• **EXERCISE INSTRUCTIONS**: With the line containing "Nahuel Huapi area - Dina Huapi - 0" as the start and the line containing "Condo · Lat Phrao, bangkok — photo 5" as the end, transcribe that span of the entries below exactly, including both.

• **THE RECORDS**:

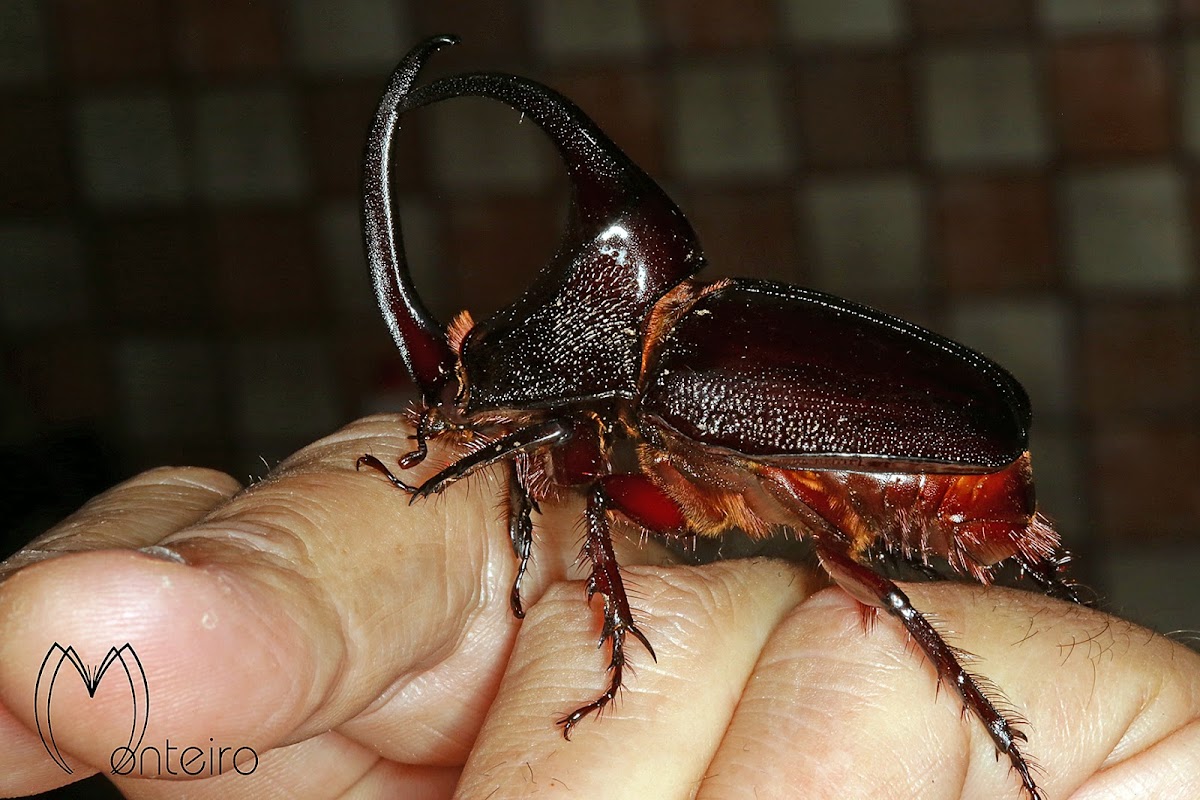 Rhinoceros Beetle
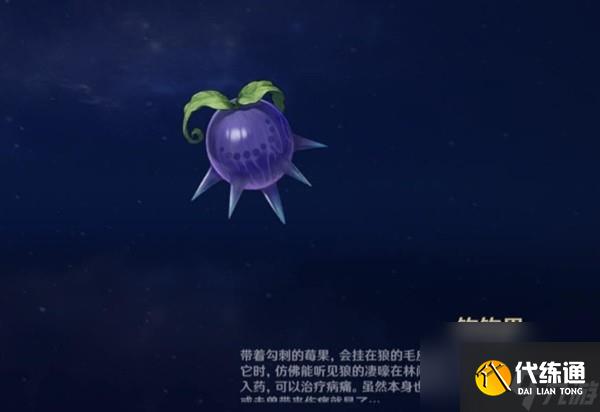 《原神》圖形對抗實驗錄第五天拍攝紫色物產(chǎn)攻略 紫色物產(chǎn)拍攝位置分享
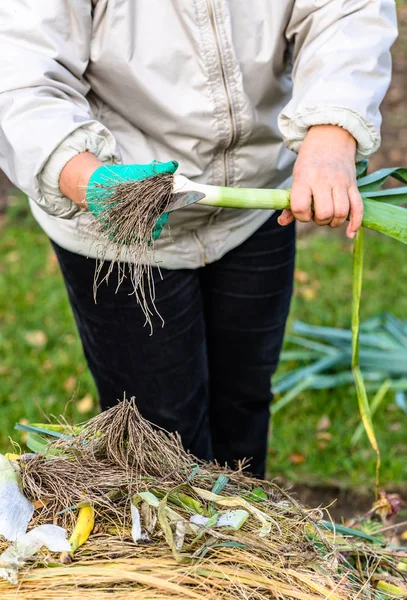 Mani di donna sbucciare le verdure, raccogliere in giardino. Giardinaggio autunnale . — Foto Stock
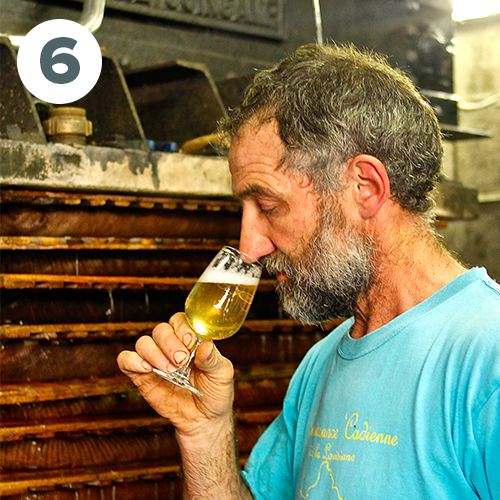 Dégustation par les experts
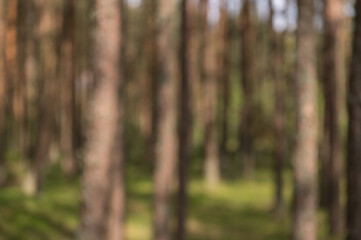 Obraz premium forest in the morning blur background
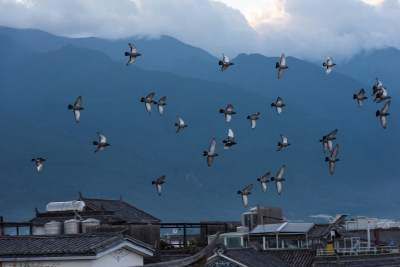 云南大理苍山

...

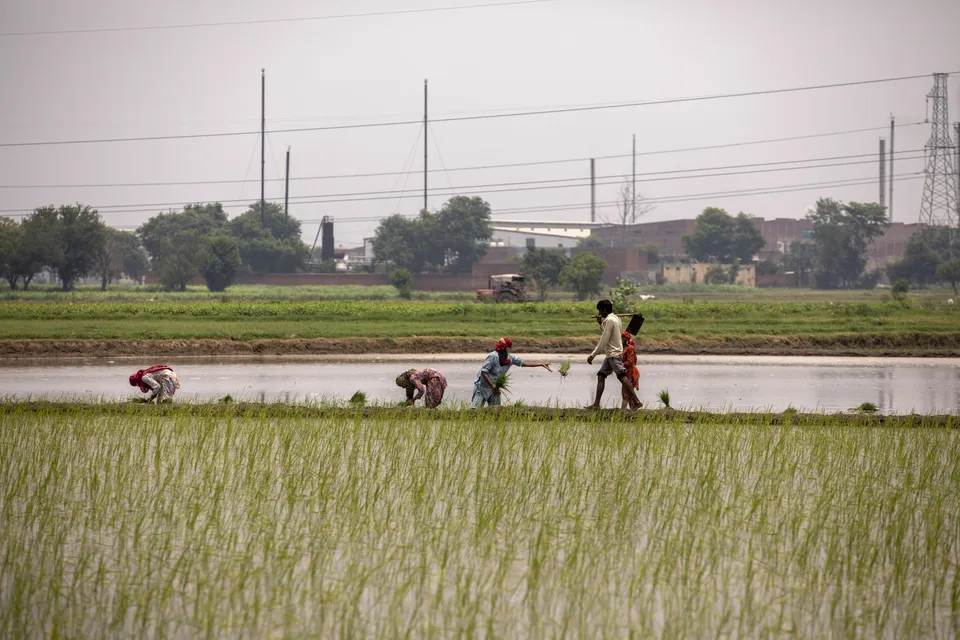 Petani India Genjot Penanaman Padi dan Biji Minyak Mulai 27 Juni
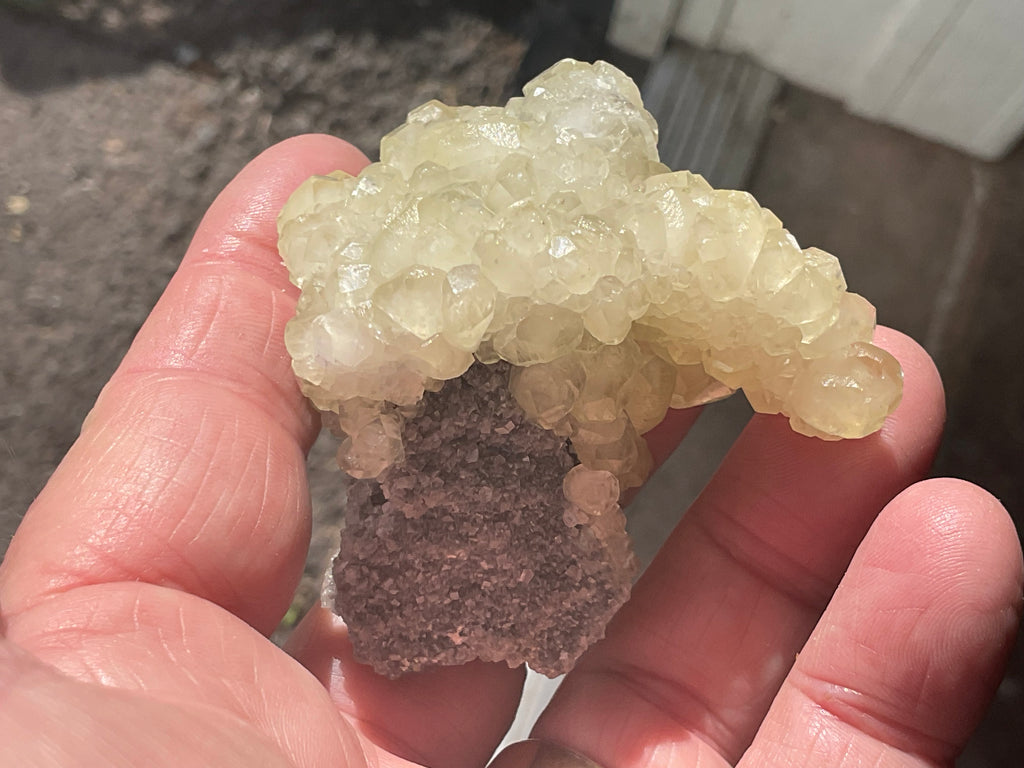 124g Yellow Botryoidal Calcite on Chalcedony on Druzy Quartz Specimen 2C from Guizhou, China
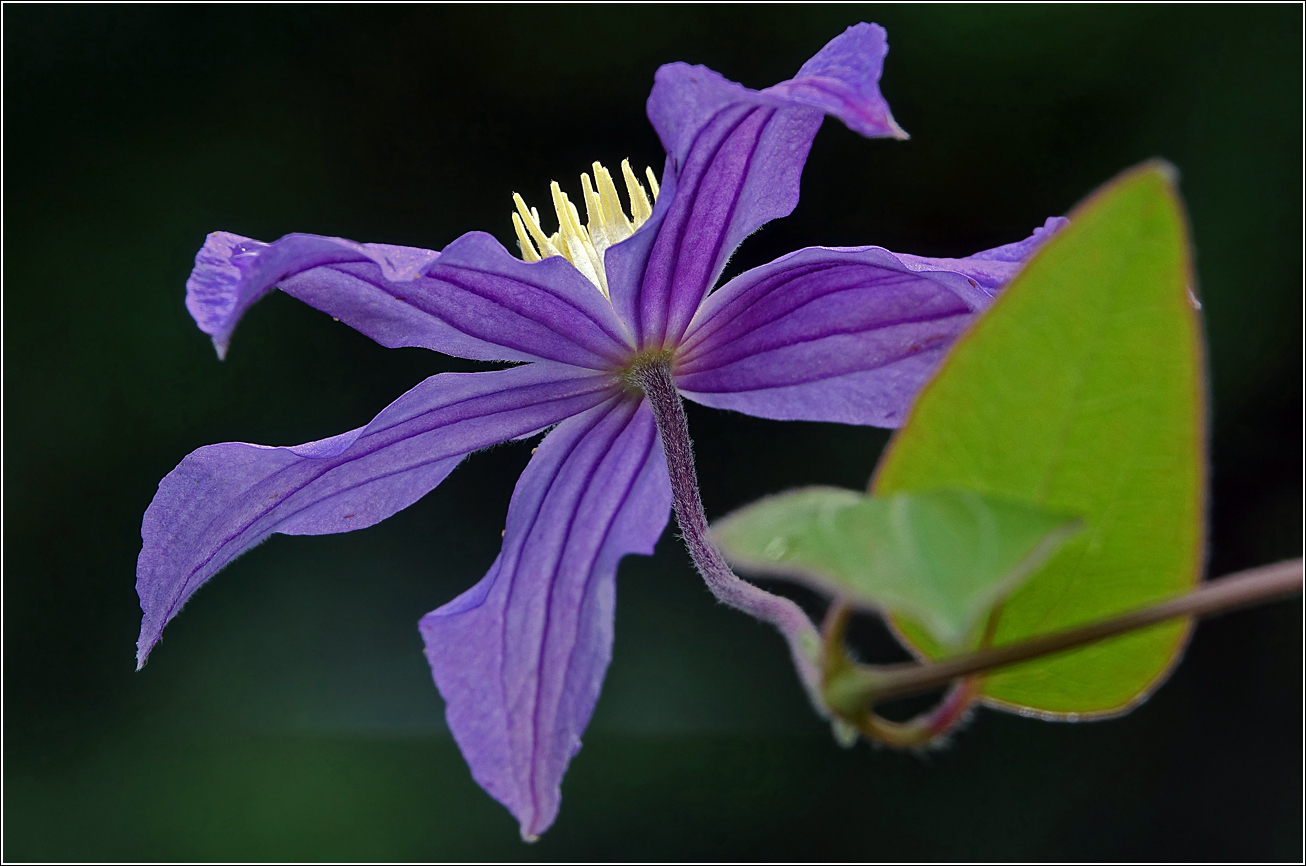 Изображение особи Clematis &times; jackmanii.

==

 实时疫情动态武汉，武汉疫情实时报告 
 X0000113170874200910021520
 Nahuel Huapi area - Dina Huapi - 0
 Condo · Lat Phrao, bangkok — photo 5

• **RESULT OF THE TASK**:
 Nahuel Huapi area - Dina Huapi - 0
 Condo · Lat Phrao, bangkok — photo 5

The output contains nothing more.